Me despido y sigo. Algunos me atienden desde sus puertas, otros desde las rejas de sus casas. Pero no pasan muchos minutos para que me ofrezcan agua, café o facturas. Algunos, hasta me agradecen lo que hago y una señora me regala unas almendras bañadas en chocolate.
En ciertos lugares, me están esperando y los escucho desde la vereda. Me despiertan una sonrisa y otra vez aparece la nostalgia de censos pasados, otras familias que también esperaban con emoción a esa persona que las iba a registrar en el mapa poblacional del país y les confirmaría un sentido de pertenencia.
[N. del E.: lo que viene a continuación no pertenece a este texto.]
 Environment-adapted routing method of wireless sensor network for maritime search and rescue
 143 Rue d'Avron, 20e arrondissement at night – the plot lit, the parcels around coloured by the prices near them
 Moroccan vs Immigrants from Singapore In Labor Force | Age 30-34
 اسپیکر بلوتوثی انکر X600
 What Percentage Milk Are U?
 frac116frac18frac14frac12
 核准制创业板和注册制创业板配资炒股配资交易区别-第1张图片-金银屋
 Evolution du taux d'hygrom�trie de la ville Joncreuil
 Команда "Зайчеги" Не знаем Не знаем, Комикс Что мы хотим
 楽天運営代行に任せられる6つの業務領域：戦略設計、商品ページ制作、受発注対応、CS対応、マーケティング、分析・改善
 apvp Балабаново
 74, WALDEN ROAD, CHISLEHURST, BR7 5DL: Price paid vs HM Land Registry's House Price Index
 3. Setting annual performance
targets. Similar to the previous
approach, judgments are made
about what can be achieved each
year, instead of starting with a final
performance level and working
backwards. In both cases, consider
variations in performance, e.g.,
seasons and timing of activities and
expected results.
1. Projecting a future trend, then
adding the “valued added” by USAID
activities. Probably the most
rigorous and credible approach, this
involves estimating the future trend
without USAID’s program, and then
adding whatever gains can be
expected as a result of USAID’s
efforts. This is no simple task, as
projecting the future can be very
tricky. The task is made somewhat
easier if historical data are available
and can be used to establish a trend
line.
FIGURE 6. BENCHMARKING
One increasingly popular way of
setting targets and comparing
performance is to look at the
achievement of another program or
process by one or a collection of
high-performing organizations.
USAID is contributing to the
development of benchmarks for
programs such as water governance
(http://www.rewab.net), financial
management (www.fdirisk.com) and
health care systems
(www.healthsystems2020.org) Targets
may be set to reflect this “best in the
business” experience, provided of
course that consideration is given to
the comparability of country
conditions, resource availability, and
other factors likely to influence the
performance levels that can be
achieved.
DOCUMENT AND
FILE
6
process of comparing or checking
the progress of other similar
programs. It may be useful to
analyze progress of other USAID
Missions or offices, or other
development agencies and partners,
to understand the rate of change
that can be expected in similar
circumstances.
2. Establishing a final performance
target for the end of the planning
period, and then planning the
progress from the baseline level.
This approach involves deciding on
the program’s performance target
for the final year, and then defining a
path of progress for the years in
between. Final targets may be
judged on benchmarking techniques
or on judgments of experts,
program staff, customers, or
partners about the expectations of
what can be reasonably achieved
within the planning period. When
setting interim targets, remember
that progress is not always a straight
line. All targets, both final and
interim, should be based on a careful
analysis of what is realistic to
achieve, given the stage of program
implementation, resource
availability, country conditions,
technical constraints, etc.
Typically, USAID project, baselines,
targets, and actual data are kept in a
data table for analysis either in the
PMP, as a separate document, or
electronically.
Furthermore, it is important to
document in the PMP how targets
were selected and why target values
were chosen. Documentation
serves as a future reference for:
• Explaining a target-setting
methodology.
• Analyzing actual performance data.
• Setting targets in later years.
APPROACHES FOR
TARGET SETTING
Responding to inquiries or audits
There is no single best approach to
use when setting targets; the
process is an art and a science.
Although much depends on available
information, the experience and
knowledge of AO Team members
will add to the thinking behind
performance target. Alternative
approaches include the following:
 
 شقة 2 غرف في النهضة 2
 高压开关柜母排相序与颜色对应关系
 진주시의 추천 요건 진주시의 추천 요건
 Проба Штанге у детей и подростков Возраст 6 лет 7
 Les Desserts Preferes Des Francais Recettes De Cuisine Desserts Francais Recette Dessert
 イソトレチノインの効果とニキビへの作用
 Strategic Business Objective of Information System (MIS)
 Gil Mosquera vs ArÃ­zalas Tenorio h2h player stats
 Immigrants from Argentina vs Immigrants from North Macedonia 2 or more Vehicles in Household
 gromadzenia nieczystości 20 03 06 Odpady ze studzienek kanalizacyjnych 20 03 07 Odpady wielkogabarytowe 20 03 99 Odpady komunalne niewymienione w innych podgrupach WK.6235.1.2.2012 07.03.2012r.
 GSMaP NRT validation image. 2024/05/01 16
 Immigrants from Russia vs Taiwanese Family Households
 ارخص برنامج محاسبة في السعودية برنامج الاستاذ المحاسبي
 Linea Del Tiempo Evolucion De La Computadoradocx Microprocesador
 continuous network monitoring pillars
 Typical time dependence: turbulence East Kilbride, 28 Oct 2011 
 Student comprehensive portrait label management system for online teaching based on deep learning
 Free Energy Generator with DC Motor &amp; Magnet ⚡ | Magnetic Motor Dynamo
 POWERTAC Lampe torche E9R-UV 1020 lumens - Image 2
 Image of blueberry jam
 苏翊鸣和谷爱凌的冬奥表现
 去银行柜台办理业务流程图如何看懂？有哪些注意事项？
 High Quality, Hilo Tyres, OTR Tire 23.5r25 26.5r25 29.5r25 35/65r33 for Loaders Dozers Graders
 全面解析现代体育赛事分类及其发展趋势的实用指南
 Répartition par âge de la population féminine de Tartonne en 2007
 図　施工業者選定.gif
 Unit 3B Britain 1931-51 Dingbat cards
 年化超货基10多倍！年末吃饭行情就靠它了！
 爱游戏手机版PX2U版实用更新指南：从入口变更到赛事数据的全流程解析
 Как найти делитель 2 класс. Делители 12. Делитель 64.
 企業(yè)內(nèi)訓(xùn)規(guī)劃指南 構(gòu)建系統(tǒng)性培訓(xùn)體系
Solo en dos casas más me piden que complete las planillas en forma manual. En una, me invitan con otro café; en la otra, una pareja de 90 años prefiere la conversación tradicional. Ante la gran novedad de este censo que fueron las preguntas de identidad de género y de autorreconocimiento indígena o afrodescendiente, las respuestas fueron respetuosas y con cierta sonrisa de asombro y aceptación a la vez.
Regreso a la escuela cuatro horas después, con una alegría interior difícil de definir. Entrego las planillas, cierro la aplicación y siento, como Natalia, que pude dar un servicio al país y reconocerme en cada argentino que visité. Me voy caminando bajo el sol del mediodía mientras disfruto de las almendras con chocolate más ricas del mundo.